Jujube, qui comptait sur un autre genre d'admiration, se retourna avec humeur et, prétextant de son impatience de voir le bal, entraîna mademoiselle Piédevache:

—Nous voilà rendus, dit celle-ci.

En effet, on était arrivé en vue de l'emplacement, but de la promenade, et, du terrain surélevé où l'on se trouvait, on embrassait d'un coup d'œil le spectacle des curieux qui entouraient l'établissement du chalet, les consommateurs attablés et, au milieu de ceux-ci, quatre noces, polkant pêle-mêle, heurtant les garçons chargés de bocks.

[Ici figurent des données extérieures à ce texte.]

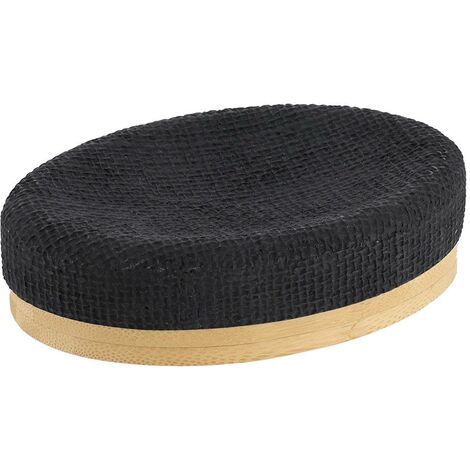 Portasapone ovale in poliresina con rete ed effetto bambù - nero - Tendance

On distinguait trois jeunes mariées et, au manège de chevaux de bois établi à quelques pas de là, une quatrième chevauchant en posture d'amazone près de son mari qui avait enfourché le coursier voisin.

—Entrons, dit la tante.

—Garde champêtre! grommelait Jujube, dont le désir d'être contemplé avec respect s'était refroidi.

La petite porte d'entrée était obstruée par la foule; mademoiselle Piédevache tenta de se frayer un passage.

—Mais ne poussez donc pas, madame! lui dirent les personnes qu'elle voulait écarter.

—Qu'est-ce que c'est? elle arrive la dernière et elle veut passer devant, dirent d'autres voix.